■ EXERCISE REQUIREMENTS: Output only the lines from the one holding "8 целебных трав" to the end of the data below, please, copied exactly.

■ INFORMATION SHOWN:
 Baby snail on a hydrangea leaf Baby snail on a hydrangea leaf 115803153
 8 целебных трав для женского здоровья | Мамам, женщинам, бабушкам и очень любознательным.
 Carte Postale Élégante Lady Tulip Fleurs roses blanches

■ TASK ANSWER:
 8 целебных трав для женского здоровья | Мамам, женщинам, бабушкам и очень любознательным.
 Carte Postale Élégante Lady Tulip Fleurs roses blanches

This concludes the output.